Exact copy, no pictures: return only the lines below from the line with "Zonguldak’ta Yoğun Sis Sürücüleri Zorladı" up to and including the line with "undefined, St Helens Crescent, London, SW16".
___ Source data ___
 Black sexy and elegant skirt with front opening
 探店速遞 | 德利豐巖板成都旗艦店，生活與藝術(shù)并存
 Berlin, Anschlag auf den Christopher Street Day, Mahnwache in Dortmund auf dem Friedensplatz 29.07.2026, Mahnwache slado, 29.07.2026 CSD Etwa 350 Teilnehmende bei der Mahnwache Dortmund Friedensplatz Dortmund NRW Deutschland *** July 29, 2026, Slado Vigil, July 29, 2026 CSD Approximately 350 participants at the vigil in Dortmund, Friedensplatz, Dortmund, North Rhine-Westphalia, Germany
___
___ Source data ___
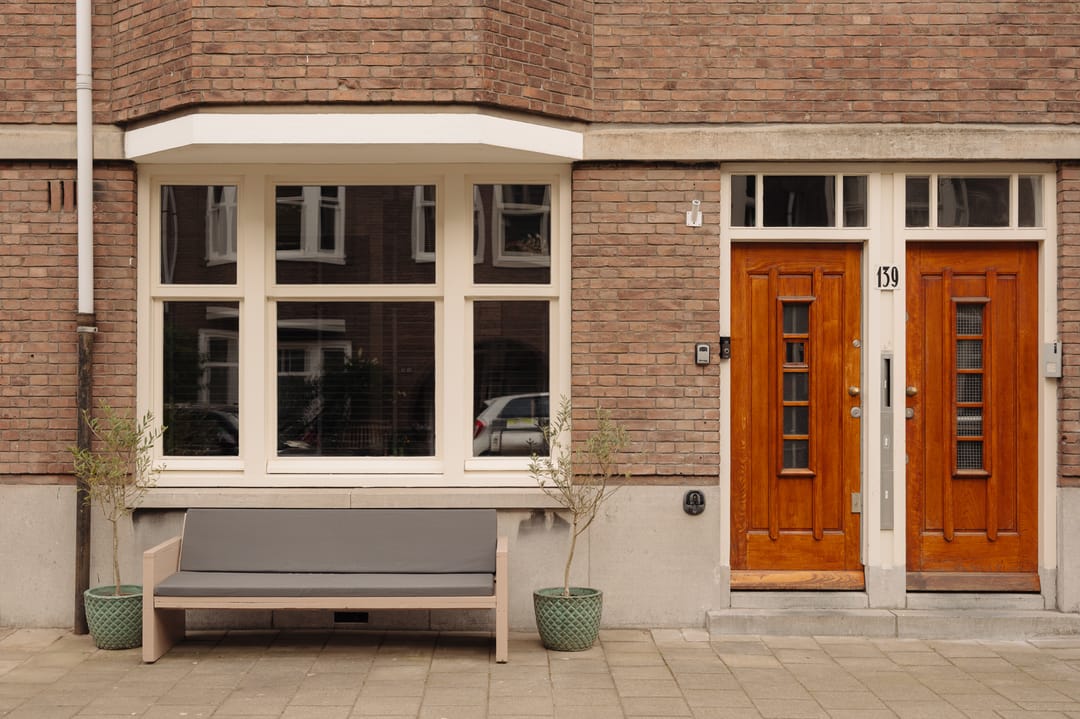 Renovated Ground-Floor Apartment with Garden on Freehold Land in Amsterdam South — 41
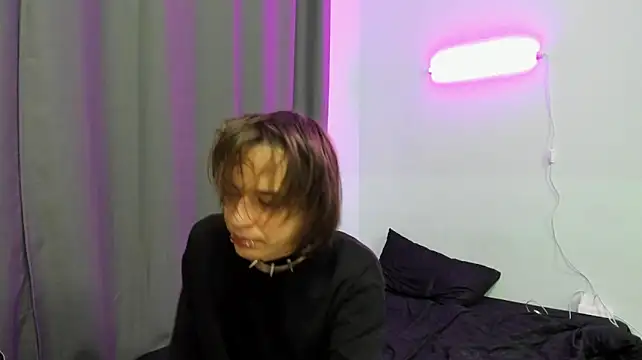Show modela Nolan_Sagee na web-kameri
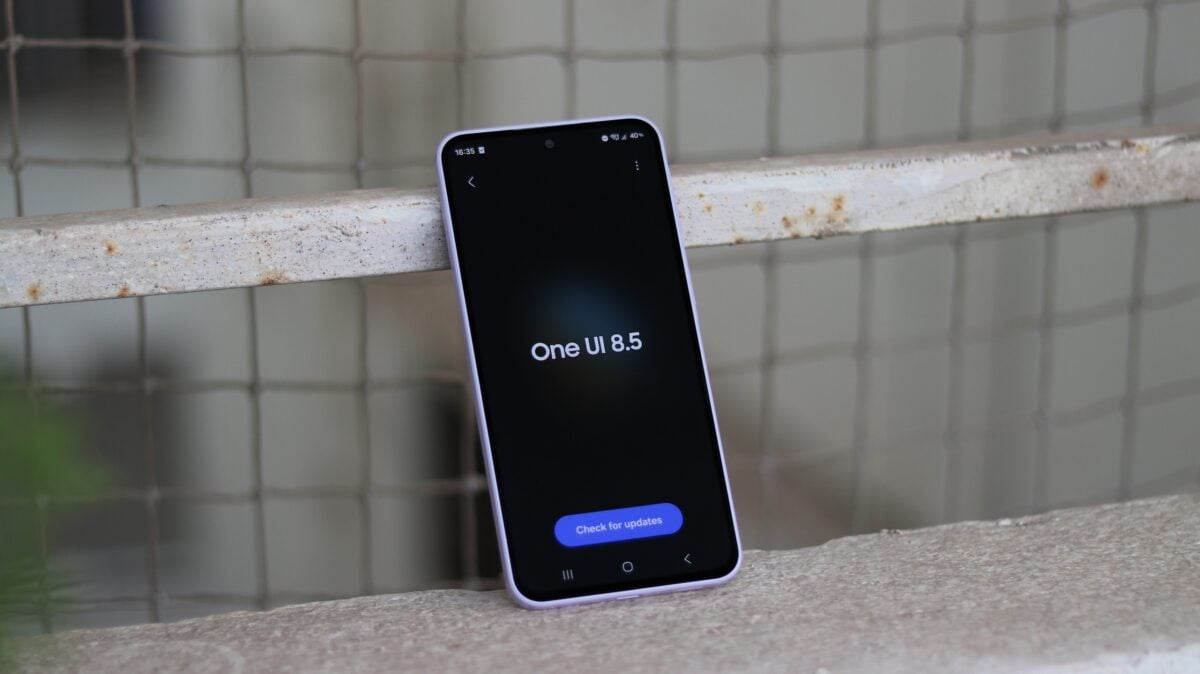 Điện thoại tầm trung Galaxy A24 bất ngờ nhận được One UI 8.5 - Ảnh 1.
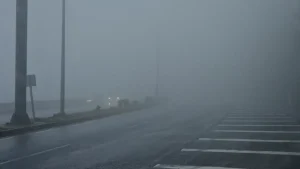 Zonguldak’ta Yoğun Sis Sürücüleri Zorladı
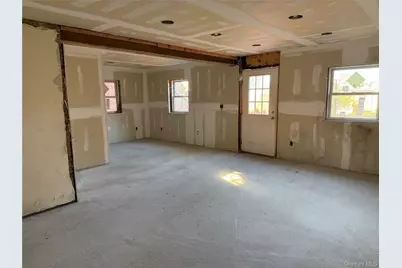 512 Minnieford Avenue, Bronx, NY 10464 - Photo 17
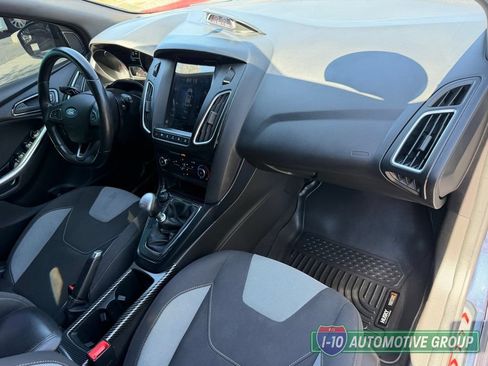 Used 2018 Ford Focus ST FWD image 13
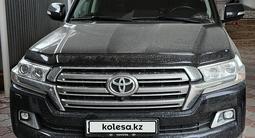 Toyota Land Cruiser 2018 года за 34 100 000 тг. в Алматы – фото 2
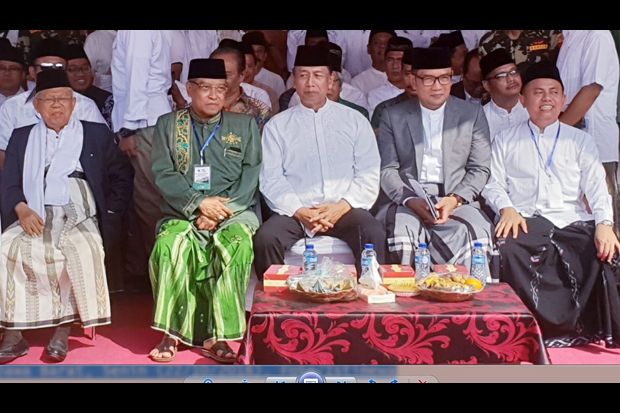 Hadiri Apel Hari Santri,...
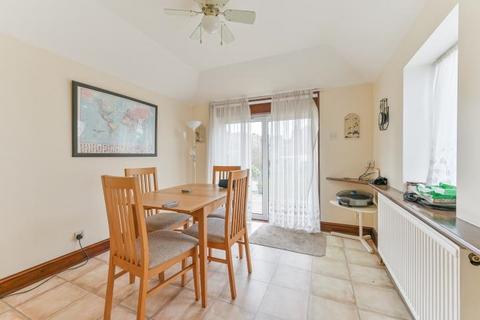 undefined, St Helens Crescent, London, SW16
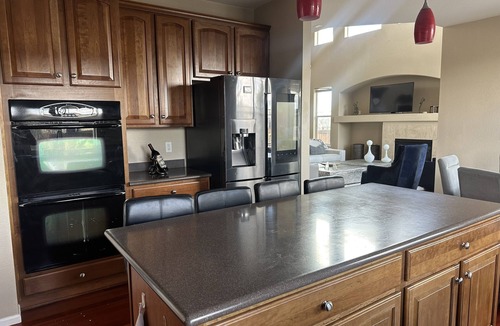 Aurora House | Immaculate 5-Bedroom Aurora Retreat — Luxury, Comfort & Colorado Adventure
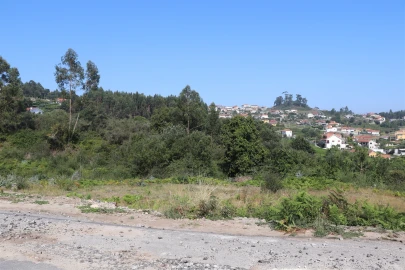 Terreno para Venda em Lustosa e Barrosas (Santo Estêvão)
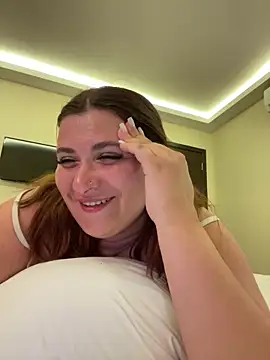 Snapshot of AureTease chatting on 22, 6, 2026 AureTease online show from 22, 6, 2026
___
___ Source data ___
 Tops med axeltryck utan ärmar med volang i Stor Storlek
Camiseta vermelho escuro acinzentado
___
▶ **Solution to this exercise**
 Zonguldak’ta Yoğun Sis Sürücüleri Zorladı
 512 Minnieford Avenue, Bronx, NY 10464 - Photo 17
 Used 2018 Ford Focus ST FWD image 13
 Toyota Land Cruiser 2018 года за 34 100 000 тг. в Алматы – фото 2
 Hadiri Apel Hari Santri,...
 undefined, St Helens Crescent, London, SW16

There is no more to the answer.